As the Lean Enterprise book has taught us, we should only spend time on automation for products or features once they have been validated. Anything else is wasteful. Rather than rushing to automate Nomad’s setup in AWS on day one (which later turned out to take a couple of weeks), I decided to create a spike first. Before adding yet another tool to our stack and taking on the burden of operating it, I wanted to learn more about Nomad’s capabilities and figure out if it was the right choice for us.
As I mentioned, we were looking for a reliable cron solution. The spike’s purpose was to convince us that Nomad was at least worth a closer look. To that end, I asked myself: what would be the simplest setup to achieve that goal?
I ended up doing some local testing with Vagrant based on a demo that ships with Nomad. For the spike, I started a Nomad server and two Nomad clients inside the virtual machine managed by Vagrant. I then created a minimal periodic job that would send a message to a Slack channel every minute. Based on this quick experiment, I was able to learn more about Nomad’s mechanics and test its resilience to different kinds of injected failures, like killing one or both clients. (During testing, I actually encountered a serious bug in Nomad causing successful batch jobs to be run again after restarting a stopped client. Luckily, that bug had been fixed in master the day before…)
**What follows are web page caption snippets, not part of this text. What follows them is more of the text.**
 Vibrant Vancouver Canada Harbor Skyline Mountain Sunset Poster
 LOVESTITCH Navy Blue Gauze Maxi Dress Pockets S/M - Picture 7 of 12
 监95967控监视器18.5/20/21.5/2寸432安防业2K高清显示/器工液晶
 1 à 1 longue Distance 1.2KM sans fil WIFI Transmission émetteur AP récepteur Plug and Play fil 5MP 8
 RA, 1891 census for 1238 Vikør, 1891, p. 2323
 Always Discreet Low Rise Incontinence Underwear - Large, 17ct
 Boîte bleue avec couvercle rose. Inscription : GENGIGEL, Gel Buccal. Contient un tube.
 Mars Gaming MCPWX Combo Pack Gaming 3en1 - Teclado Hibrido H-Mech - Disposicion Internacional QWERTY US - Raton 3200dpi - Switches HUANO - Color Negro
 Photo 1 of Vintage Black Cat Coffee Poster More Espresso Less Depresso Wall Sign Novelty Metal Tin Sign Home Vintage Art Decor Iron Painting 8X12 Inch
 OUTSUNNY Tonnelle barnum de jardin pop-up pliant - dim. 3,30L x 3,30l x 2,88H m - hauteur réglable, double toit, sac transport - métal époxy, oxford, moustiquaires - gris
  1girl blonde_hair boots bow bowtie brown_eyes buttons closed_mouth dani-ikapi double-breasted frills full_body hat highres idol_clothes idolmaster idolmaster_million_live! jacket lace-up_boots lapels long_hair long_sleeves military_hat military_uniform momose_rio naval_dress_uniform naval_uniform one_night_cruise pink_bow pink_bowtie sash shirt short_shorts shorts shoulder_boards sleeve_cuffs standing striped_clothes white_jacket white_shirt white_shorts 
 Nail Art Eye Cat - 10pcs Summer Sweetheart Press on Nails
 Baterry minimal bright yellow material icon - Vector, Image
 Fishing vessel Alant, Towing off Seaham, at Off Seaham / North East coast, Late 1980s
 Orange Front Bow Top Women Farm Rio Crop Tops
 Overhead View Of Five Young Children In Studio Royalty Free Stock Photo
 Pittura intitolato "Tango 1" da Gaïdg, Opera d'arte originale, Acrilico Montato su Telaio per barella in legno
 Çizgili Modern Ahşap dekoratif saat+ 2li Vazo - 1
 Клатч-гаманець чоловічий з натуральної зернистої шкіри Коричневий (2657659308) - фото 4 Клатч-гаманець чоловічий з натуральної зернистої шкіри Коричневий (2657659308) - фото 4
All in all, the spike was a success. We continued doing more experiments in AWS, gradually going from a one node setup to operating Nomad in a highly-available fashion.
In a sense, spikes are low-risk experiments – not unlike Chaos Engineering experiments – to validate assumptions early on. I consider them an essential part of my software development toolbox.
Next time you hit a roadblock, a spike or two might be all you need to move forward.